Y292B Bug
dpolakovic.spaceThe Linux kernel keeps time as a 64-bit integer, but it's in nanoseconds, not seconds. It's a Y2262 problem.
That's way easier to fix, though. You just need to fix the kernel's internal structures to keep track of time using two numbers. Y2K was a problem because everyone had to fix their code, not just OSs.
It'll still be a problem for code that relies on time being 64-bit int of nanoseconds. How do you change the internal representation here without also breaking the API contract for application code?
The kernel does not have an API that exposes that representation to user code; system calls operate on timespec structs
struct timespec { time_t tv_sec; /* seconds */ long tv_nsec; /* nanoseconds */ };
You will have worse problems in 292B years.
In 4.5 billion years we would live in the result of the Milky way galaxy merging with Andromeda, which will increase our chances of encountering either alien life, or alien artificial entities.
And after 200+ billion years, the sun, after having been a red giant and evaporated all oceans on Earth, will become a white dwarf.
> And after 200+ billion years, the sun, after having been a red giant
Technically speaking, that would be the end of our problems unless
> the Milky way galaxy merging with Andromeda
won't finish us first or... some stray asteroid of sufficiently lethal size and speed bumps into our green/blue golf ball
Maybe the universe is 64bit? It just starts all over again... and again... and again...
I love the thought that we have a new Year 0, and I was alive for it (just). I can see a point where we forget why the year numbers start at 1,970 instead of 0, or consider it a historical oddity.
I can't really tell if this is a sort of satire or joke?

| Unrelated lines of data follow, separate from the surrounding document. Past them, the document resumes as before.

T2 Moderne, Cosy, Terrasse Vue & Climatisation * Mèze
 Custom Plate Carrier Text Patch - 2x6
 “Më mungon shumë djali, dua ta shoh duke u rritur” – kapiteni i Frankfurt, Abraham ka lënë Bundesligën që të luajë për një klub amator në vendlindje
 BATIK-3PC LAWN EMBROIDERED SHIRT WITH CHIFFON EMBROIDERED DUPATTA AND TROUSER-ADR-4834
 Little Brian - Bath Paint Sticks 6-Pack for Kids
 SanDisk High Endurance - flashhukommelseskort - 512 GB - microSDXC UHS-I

It seems to implement BigInts as BCD where each decimal digit gets it's own int32, implements division, then suggests kernel upstreaming. All as a solution for arbitrary spans of time.
> The number overflows and the date will jump back 278 billion years before the Big Bang? Needles to say, this needs to be fixed. Luckily, we have 33 life times of our Sun to solve this problem but we could propose some solutions even today.
Based on this, it has to be a joke, or at least a tongue-in-cheek exercise that is "solving" an imaginary problem.
hello, truly, the code can use an optimization, that's why I presented it as an proposition or rather idea. E.g. the digits could be byte. However, the idea is no joke at all. Point was to offer complete software solution, dependable only on hardware. But I am open to any feedback.
>the idea is no joke
It's not? But it's predicated on the idea that human life hundreds of billions of years from now will be more or less the same as it is now, to the extent that they'll even still be using the same APIs and OSs. It's difficult to believe someone would posit that as anything other than a joke.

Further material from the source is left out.